Submitted to: Frontiers in Genetics
Publication Type: Peer Reviewed Journal
Publication Acceptance Date: 9/9/2020
Publication Date: 10/23/2020
Citation: Salavati, M., Caulton, A., Clark, R., Gazova, I., Smith, T.P.L., Worley, K.C., Cockett, N.E., Archibald, A.L., Clarke, S., Murdoch, B.M., Clark, E.L. 2020. Global analysis of transcription start sites in the new ovine reference genome (Oar rambouillet v1.0). Frontiers in Genetics. Article e580580. https://doi.org/10.3389/fgene.2020.580580.
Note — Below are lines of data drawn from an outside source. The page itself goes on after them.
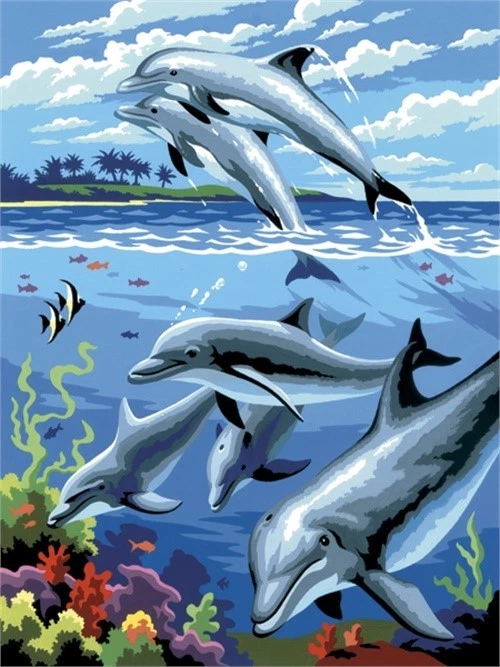 Kit de pintura pequeña Royal & Langnickel(R) por número 8,75"X11,75" - Delfines Foto 1 de 1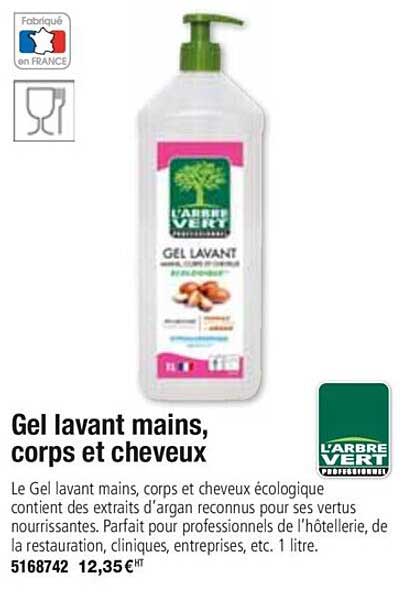 gel lavant mains corps et cheveux l'arbre vert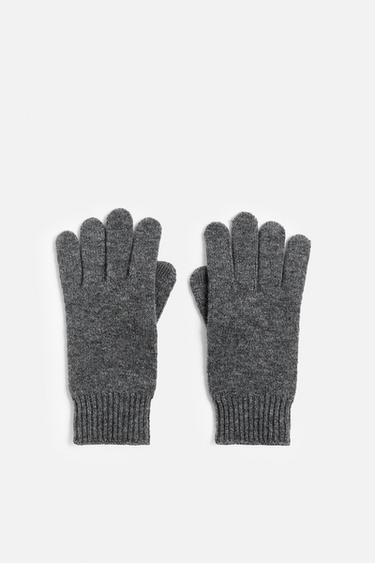 LUVAS DE MALHA DE LÃ - CASHMERE - Cinzento da Zara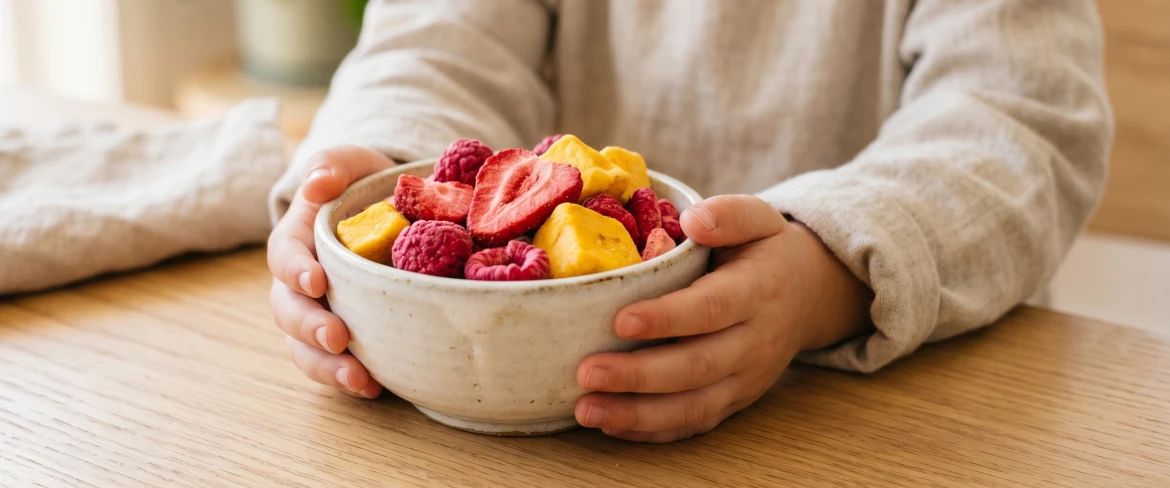 Owoce liofilizowane dla dzieci – zdrowa przekąska w miseczce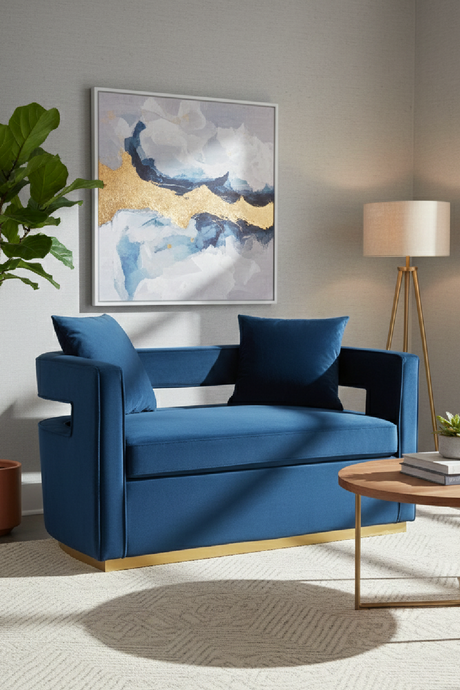 Blue Velvet Loveseat | OROA Modern Wells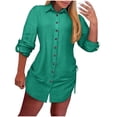 thumbnail image 2 of Baeitkot Women's Turndown Buttons Dresses Women's Casual Solid Long-Sleeved Turndown Drawstring Both Sides Buttons Dresses Green XXL, 2 of 6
DOI: https://doi.org/10.3389/fgene.2020.580580

Interpretive Summary: The Ovine "Functional Annotation of Animal Genomes" (FAANG) consortium has the goal to identify the regions of the genome that affect the expression of genes. Many of these regions, known as "control elements", are tied to segments of DNA close to where the DNA begins conversion to RNA for each gene, called "transcription start sites" (TSS). We therefore need to know where the TSS lie in the genome in order to correctly identify control elements. This work uses a technique called CAGE that "captures" the TSS by finding the ends of the RNA made from each gene, and matching it to the genome. Our CAGE analysis identified nearly 30,000 high-confidence TSS in the ovine genome, providing a critical resource for identification of genetic elements controlling gene expression in sheep tissues.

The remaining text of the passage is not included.